“It's so we continue to offer reliable, high-quality service. It's being able to improve our products alongside the tech trends, the market trends, but also innovation.
“We're incredibly lucky we get that funding and that resource to constantly keep ourselves up to date with technology and trends.”
Indeed, while companies in the financial services industry and beyond are thinking about incorporating, or beginning to incorporate, artificial intelligence into business practices, the tech provider has been offering machine learning models to wealth managers since 2020 via its Insight product, which can offer recommendations tailored to individual clients.
The models use data such as a client’s age, attitude to risk and investment goals, product preferences of previous clients with a similar profile, and in-house investment research, which is processed by algorithms to make a recommendation for a wealth manager’s approval before it is presented to the client.
Despite this, Rao says Avaloq is not a niche vendor that builds AI products, but that its Insight product – a data analytics platform that consolidates data from Avaloq systems and third-party systems – enables clients to further employ AI.

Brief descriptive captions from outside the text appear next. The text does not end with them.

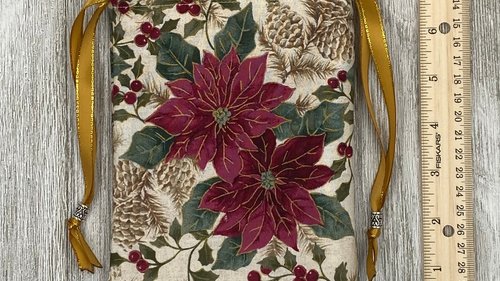 Poinsettia Tarot Bag/ Custom Tarot Pouch/ Keepsake Bag / Drawstring Bag / Oracle Bag / Crystal Bag / Tarot Pouch / Cosmetic Bag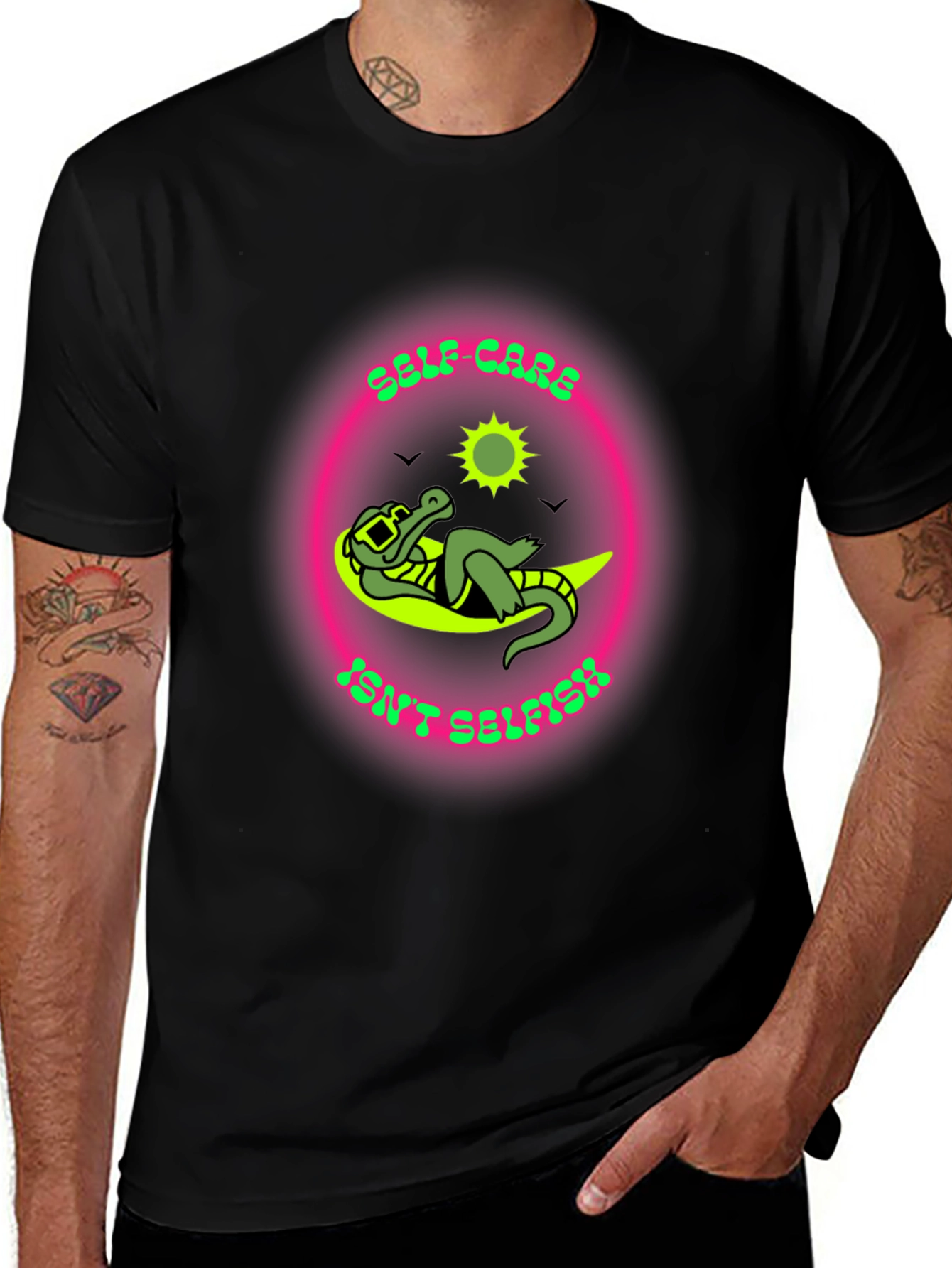 Self-Care Isnt Selfish T-Shirt - Relaxed Alligator Design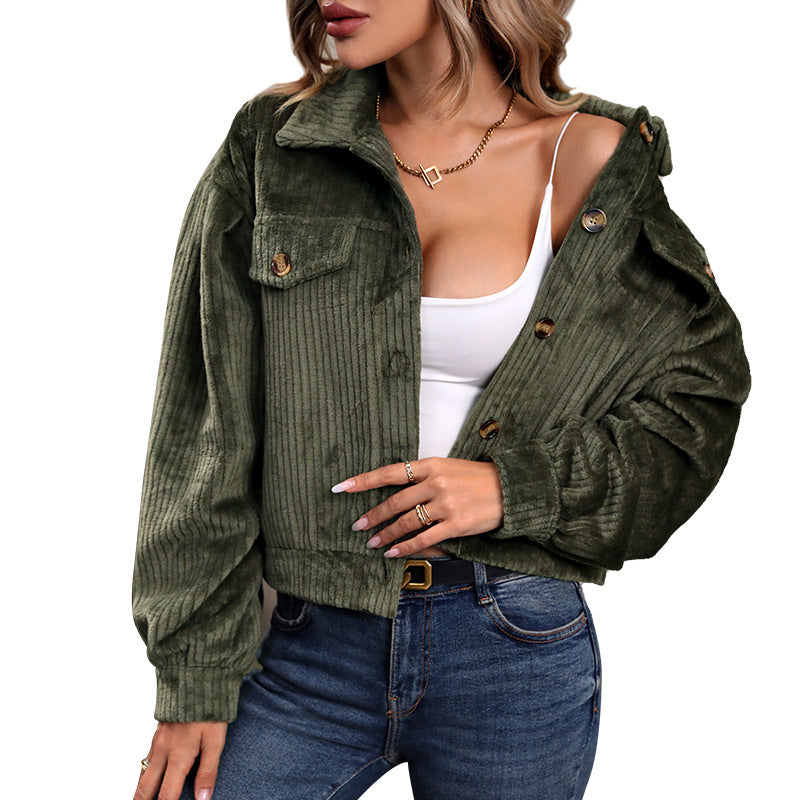 Women's cardigan in a casual corduroy look with decorative buttons and two chest pockets, size S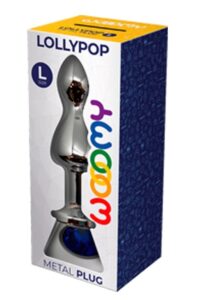 Wooomy Lollypop Double Ball Metal Plug Blue L Wooomy Lollypop Double Ball Metal Plug Blue L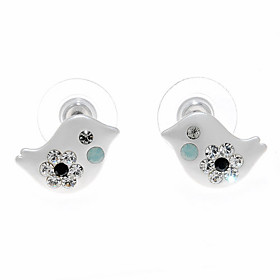 Elegant Rhinestone Bird Shape With Platinum Plated Earrings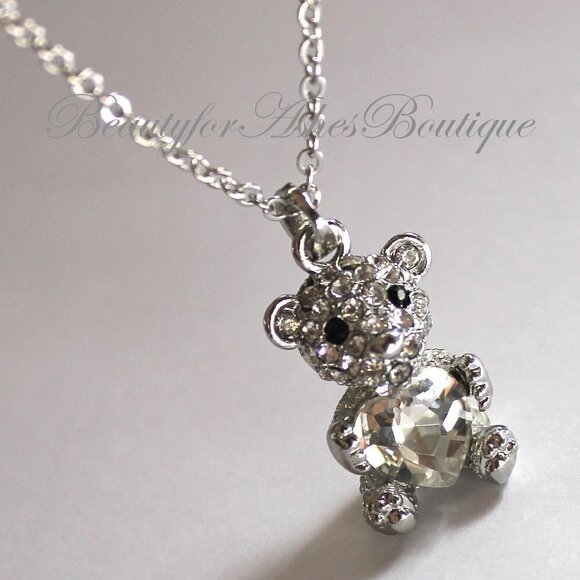 Girls Womens Cute Teddy Bear Love Heart CZ Fun Pendant Necklace - Picture 1 of 2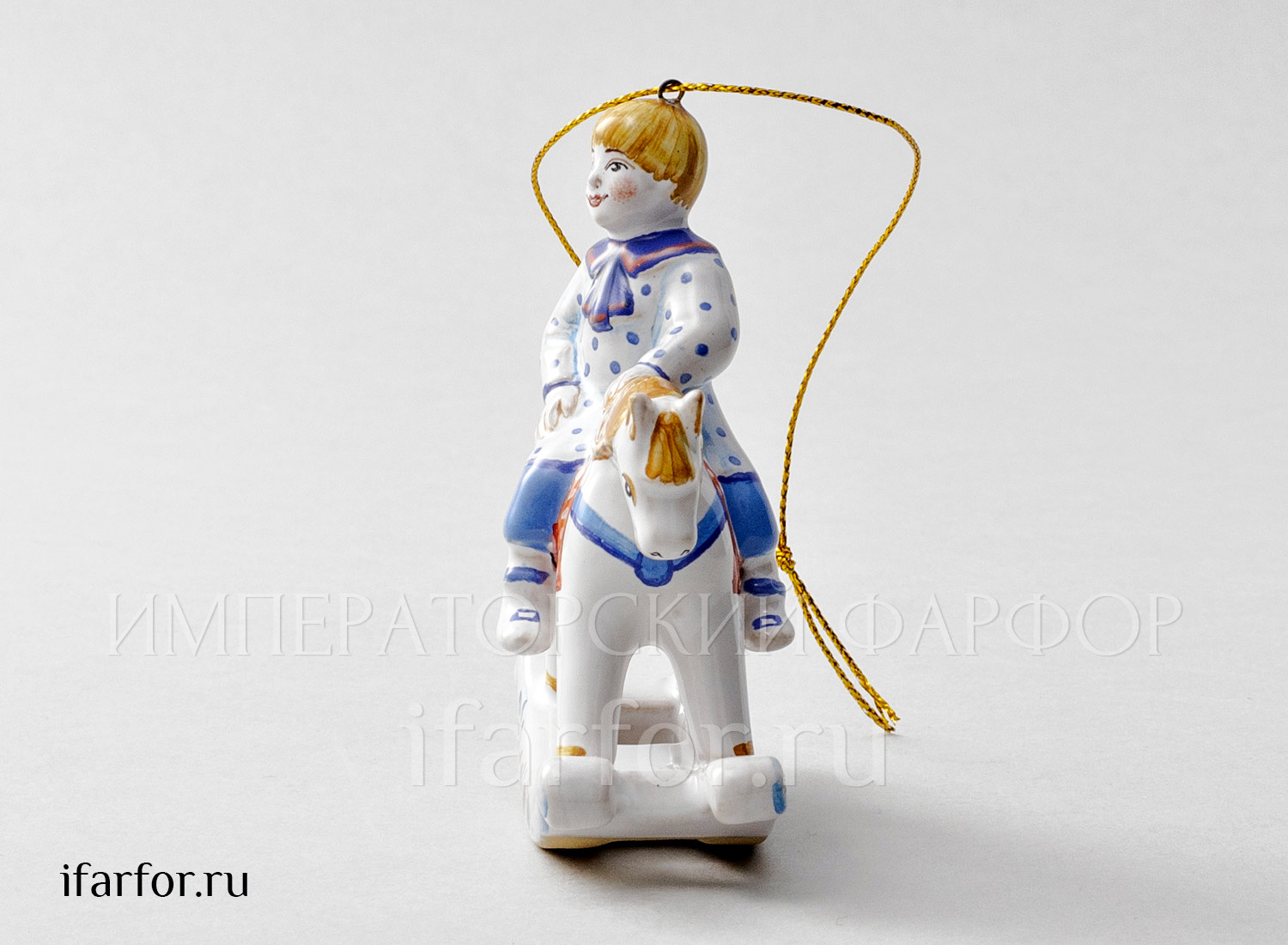 Елочная игрушка «Мальчик на лошадке» Форма: Мальчик на лошадке. Майолика. 85 x 95 мм.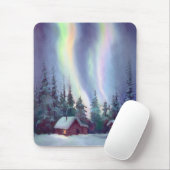 シャロンSHARPE著NORTHERN LIGHTS及び丸太小屋 マウスパッド (マウス)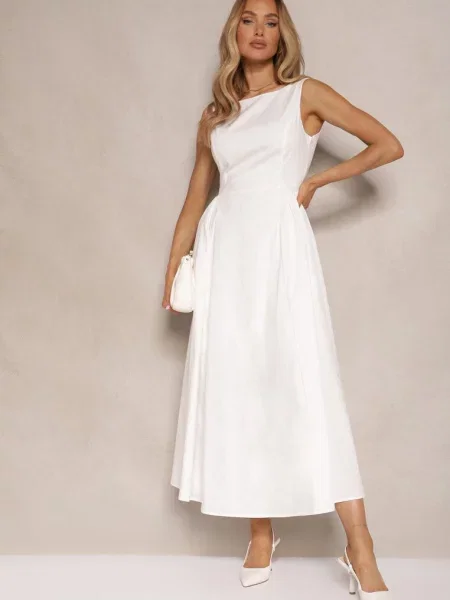 Rozkloszowana Sukienka Koktajlowa z Bawełny z Dekoltem Łódką i Fanilra biała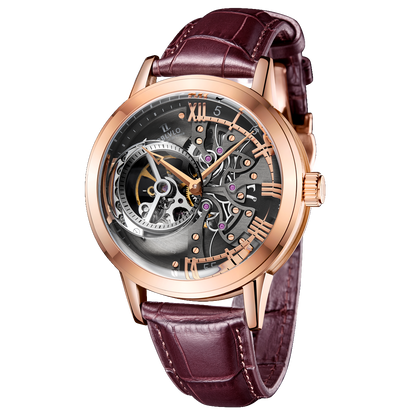 Oblvlo VM Series Luxury Rose Gold Automatic Skeleton Watches For Sale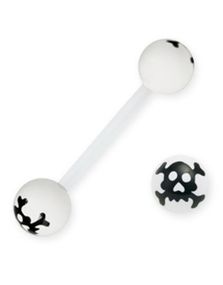 Crazy Skull Hvid - Tungepiercing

“If you look at some of our clients – the universal banks all the way through to the small regional wealth managers – they sit on a lot of data.
"So we've invested an enormous amount in our data foundation layer [Avaloq Insight], which gives access to real-time data in an understandable format.
“AI is as good as the data that you give it. It's then giving the possibility to our client base, with what we can do with the data foundation layer and analytics platform, so then they can go away and make use of the AI piece.”
But to leverage and take advantage of AI in a regulated space will require a lot of thinking from clients, Rao adds. “And genuinely, they are thinking. I can see it, because it starts off with the data.”
Avaloq may not be a niche tech vendor that builds AI products at the moment, but when asked whether Avaloq’s future in the UK wealth management industry could involve developing AI applications, the short answer, Rao says, is yes.